Veteran Chris Rogers has bought some extra time for his late-blooming Test career after becoming the oldest Australia opener for 60 years to score an Ashes century, in Sunday’s big win over England.
The 36-year-old left-hander had fretted before the fourth Test that he was under pressure to hold on to his place.
But Rogers laid that ghost to rest with a match-clinching 116 off 155 balls to bury England’s victory hopes and put Australia 4-0 up in the series ahead of this week’s final Sydney Test.
Rogers, who also scored 61 in the first innings, ran Mitchell Johnson close for the man-of-the-match award, and now appears secure at the top of the order for the tour to South Africa in February-March.
Despite Rogers’ jitters about his Test place, skipper Michael Clarke said he was an important member of the Ashes-winning side.
“I think it was a fantastic innings. A match-winning innings and he deserves a lot of credit for it,” Clarke said. “The way he played in the first innings was special as well.
“I think some people thrive on that expectation and that extra pressure and Chris certainly seems like one of those players.”
“I think as captain of the team I certainly haven’t felt that Chris is under pressure for his spot. I think he’s been batting really well. I think he’s been doing his job at the top of the innings for us and plays a huge role in our middle order, being able to play the way we play because of the way he sets it up.

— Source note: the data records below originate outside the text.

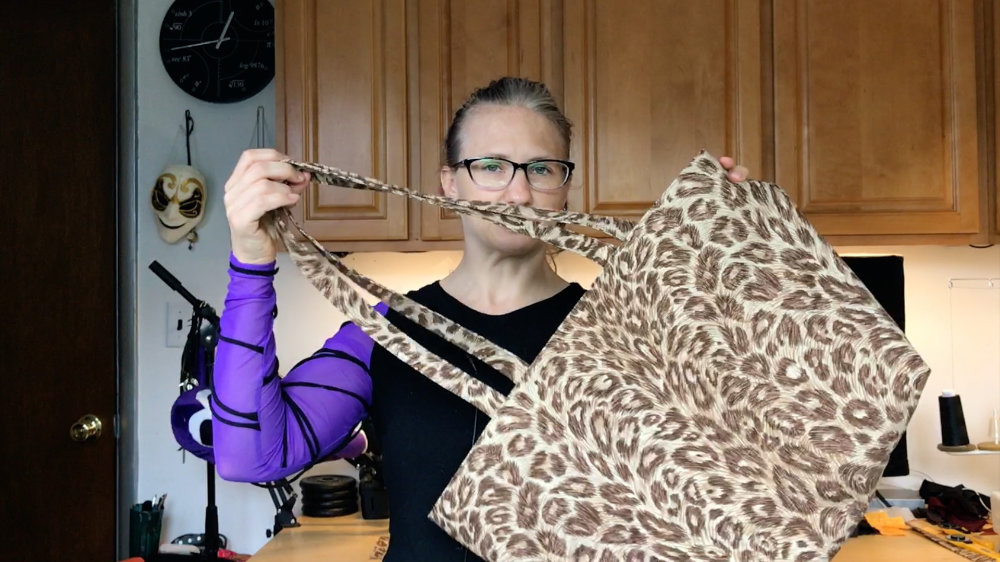 Holidng up a tote bag that is made from a leopard print drapery fabric.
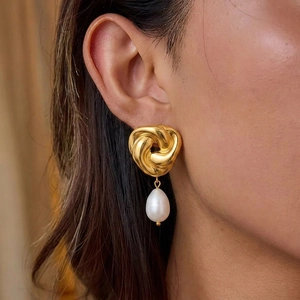 Gros plan sur une boucle d'oreille en métal torsadé doré avec perle d'eau douce blanche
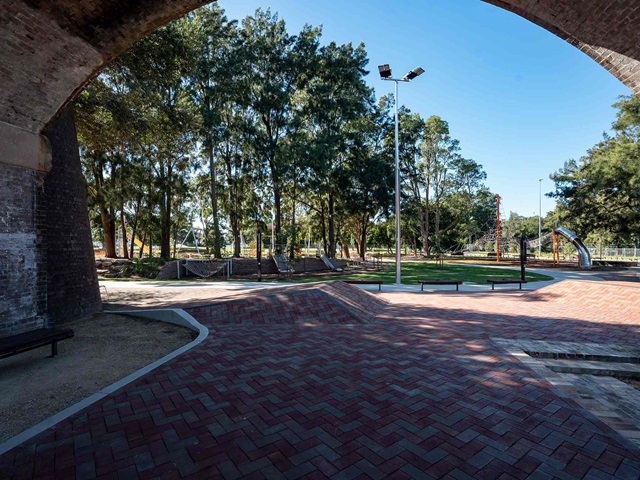 Paved footpath running underneath stone railway arches in a park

“I think him and Davy Warner are a very good combination, two very different people, two very different players but I think they complement each other really well.”
Clarke said Rogers’ century in the Boxing Day Test on his home Melbourne Cricket Ground before a total attendance of almost 272,000, was very special.
“I think more than anything it does his own personal confidence the world of good, but from my perspective Chris is an important part of this team,” he said.
“I think for his teammates it was very special to see him raise his bat for his hundred, and on his home ground the MCG as well.”
Rogers became the oldest Australian opener to hit a Test century since Lindsay Hassett hit a hundred against England at Lord’s in 1953.
Coach Darren Lehmann said it was the best Rogers had batted for Australia since his 84 in the third Test in Manchester in August.
It was the veteran’s second Test century after scoring 110 against England in the last series at Durham.